What do we know about what school leavers and graduates are doing?: a European perspective on data production and utilisation

by Rita Hordosy




Institution: University of Birmingham
Department: School of Education
Year: 2014
Keywords: H Social Sciences (General); LB1603 Secondary Education. High schools; LB2300 Higher Education
Record ID: 1406579
Full text PDF: http://etheses.bham.ac.uk/4505/


Abstract

Considerable resources are spent on school leavers’ and graduates’ information systems (SLGIS) in numerous European countries, but it is not clear what happens to the results. This research investigates how school leavers’ and graduates’ data are produced and to what extent the data are then applied in educational policy planning, institutional decision-making and informing students. This investigation categorises the currently available SLGIS in Europe using documentary data, analysis of which leads to a typology and the selection of three distinct cases. These cases - England, Finland and the Netherlands – are explored based on 15 élite interviews in each country, and further documentary data.
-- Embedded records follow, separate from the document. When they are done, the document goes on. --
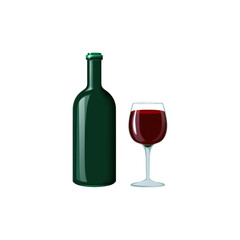 Wine Bottle And Glass Illustration. Elegant Beverage Presentation Isolated On Transparent Background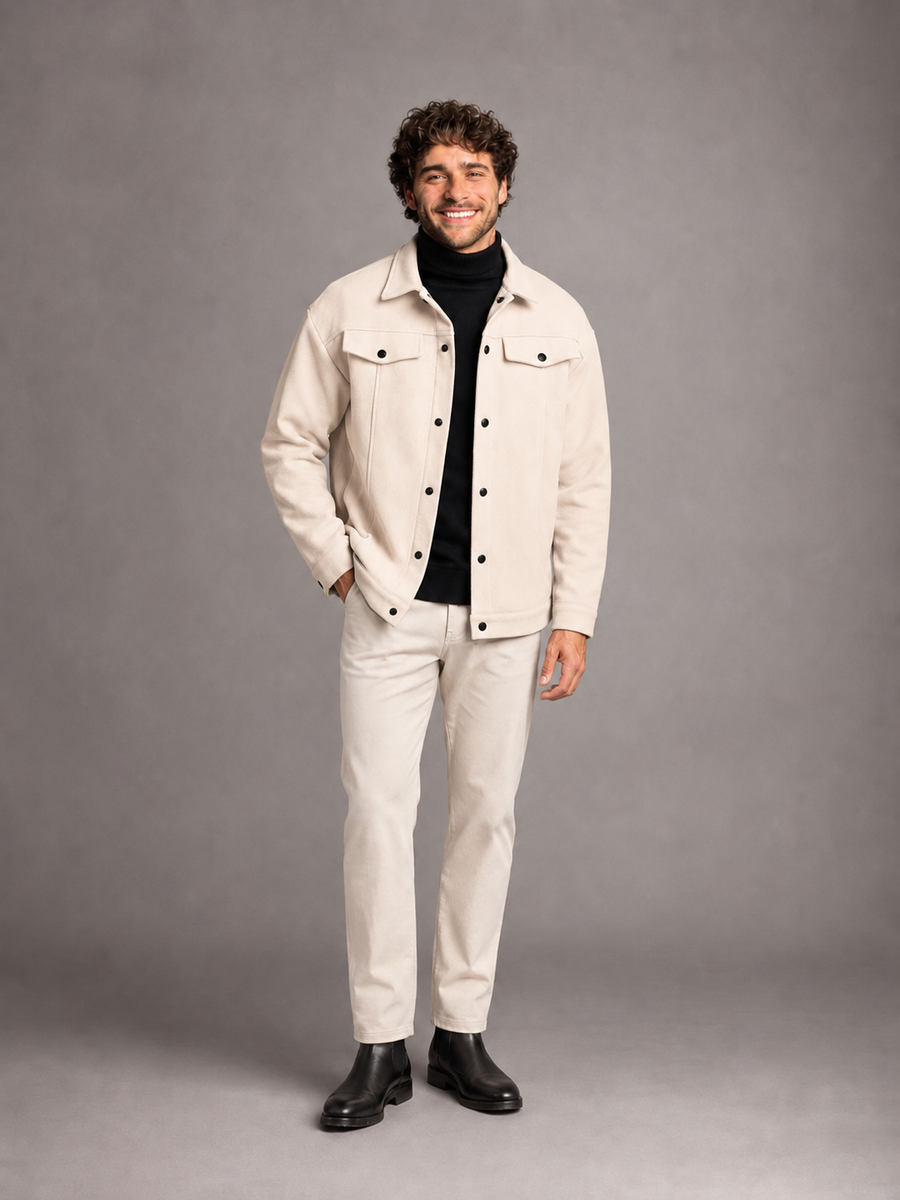 Men's structured trucker jacket with press-stud front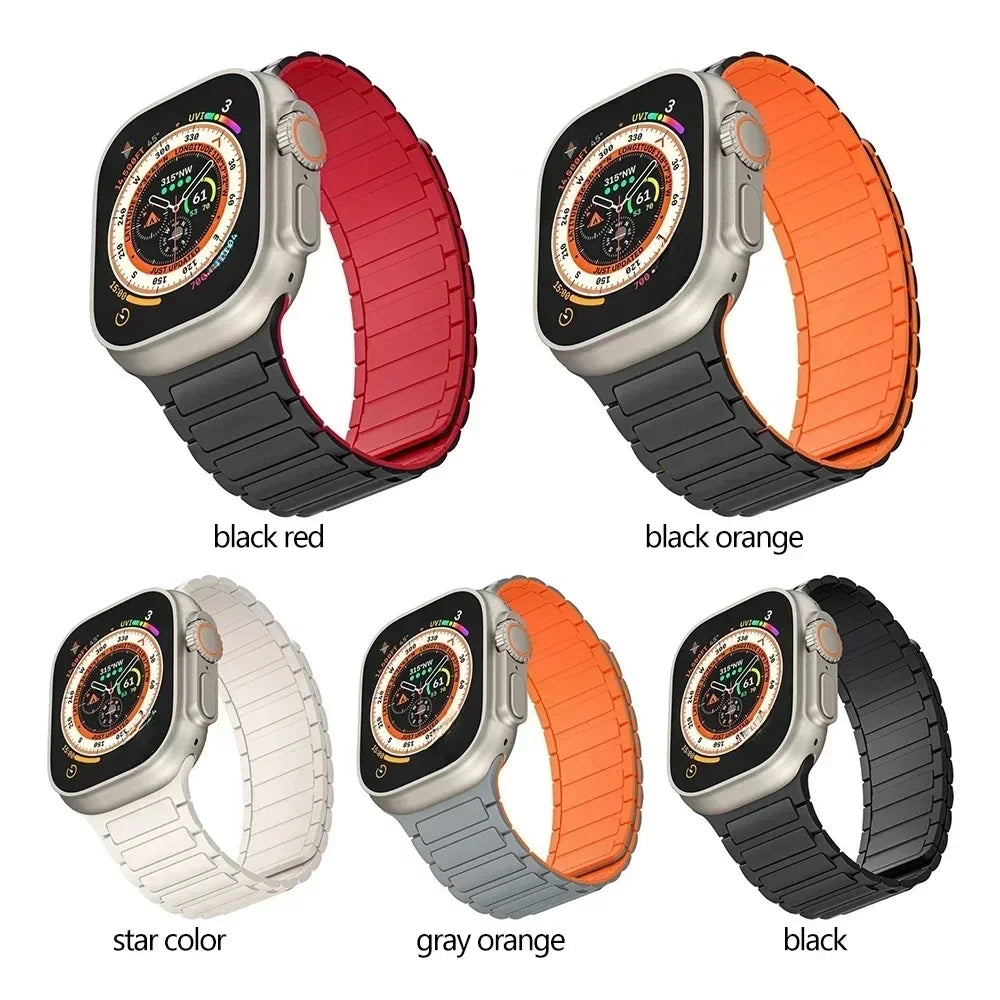 Magnetic Loop for Apple Watch Bands 44mm 40mm 49mm 45mm 41mm 38mm Silicone Bracelet iWatch Series 9 8 7 6 5 4 3 Se ultra 2 strap Beauty World Shop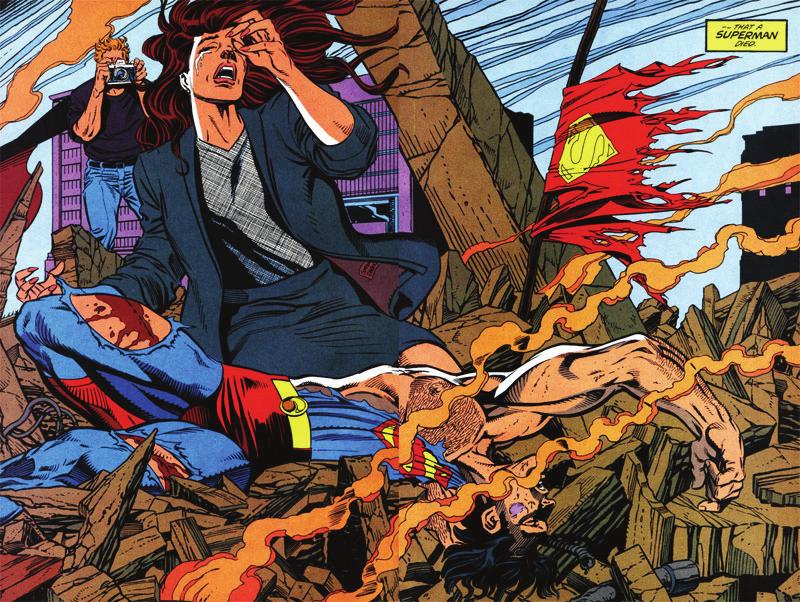 CAPÍTULO 3 Transmídia e a plenitude do super-herói Figura 20 - Imagem final de Superman #75 (1992), com a morte do Superman, desenhada por Dan Jurgens transmídias é a serialização que, como foi visto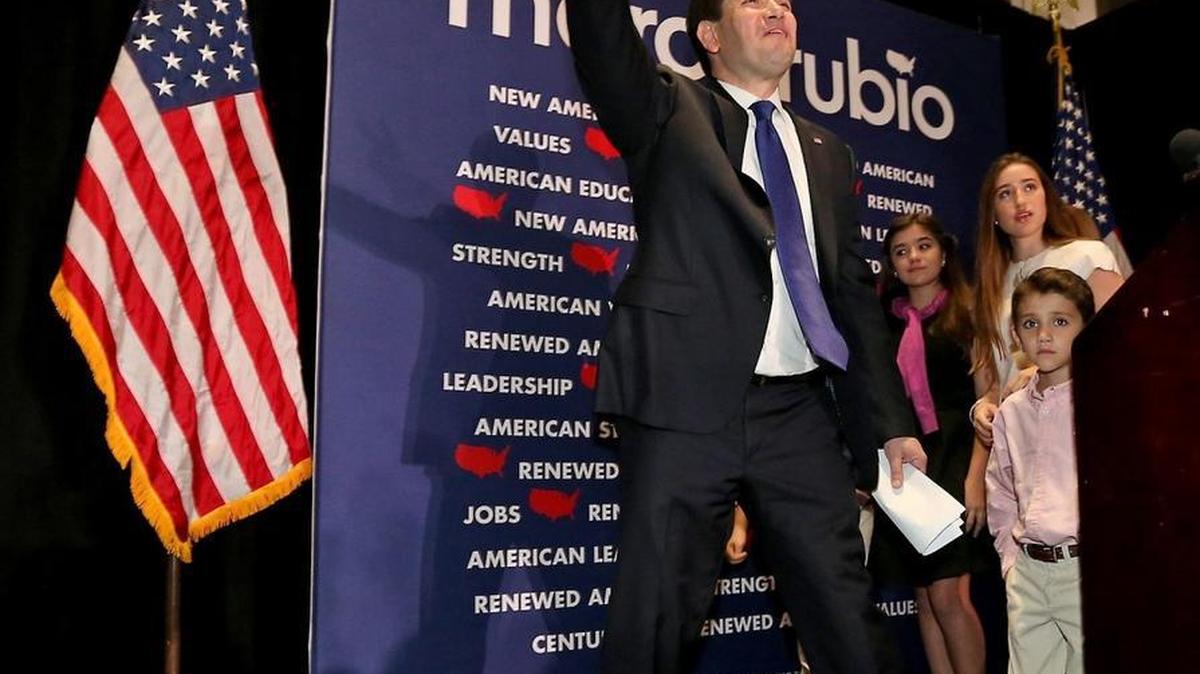 Marco Rubio and his family walk off the stage and say goodbye to supporters after he dropped out of the presidential race on March 15.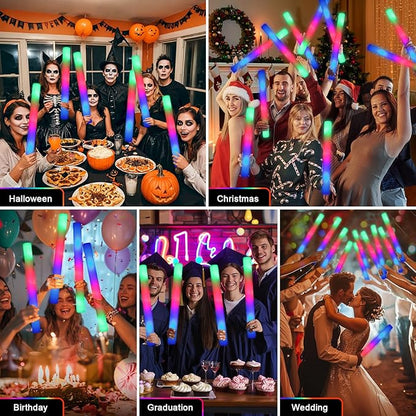 64 Pack Foam Glow Sticks, Bulk LED Foam Sticks, Foam Light Up Sticks with 3 Mode Colorful Flashing, Glow Party Supplies, Glow Sticks Bulk Party Pack for Wedding, Birthday, Concert, Halloween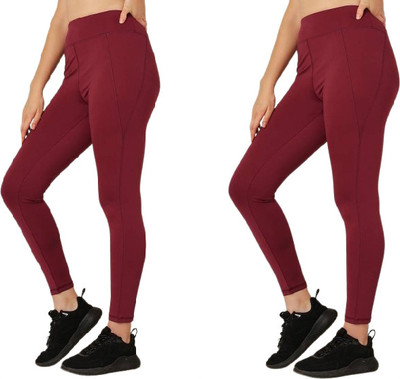 FEEL TIME Solid Women Maroon Tights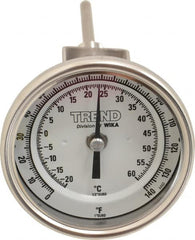 Wika - 4 Inch Long Stem, 3 Inch Dial Diameter, Stainless Steel, Adjustable Angle Bi-Metal Thermometer - -20 to 60°C, 1% Accuracy - Makers Industrial Supply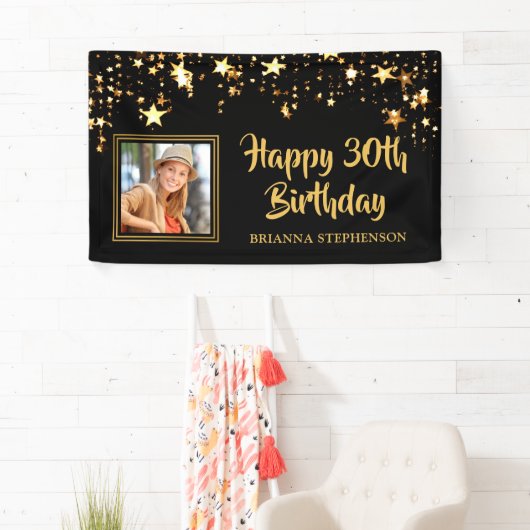 30歳の誕生日フォトブラック金ゴールド星パーソナライズされた 横断幕 (インサイチュ)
The reported uses of SLGIS are broadly similar across the different case study countries, despite the clear differences in the design of their SGLIS. This suggests that the ‘value’ might not be intrinsic to the data itself but it depends on the judgement of the society. On the other hand, their uses are contrasted in terms of data-production and data-utilisation based on the interplay of data-needs of the different actors regarding the SLGIS. The data-needs of the policy and the institutional levels differ substantially. For example, whereas policy is largely content with a national picture, institutions require more detailed information at the level of educational programmes. Findings like these suggest that national and international investment in SLGIS could be made more efficient.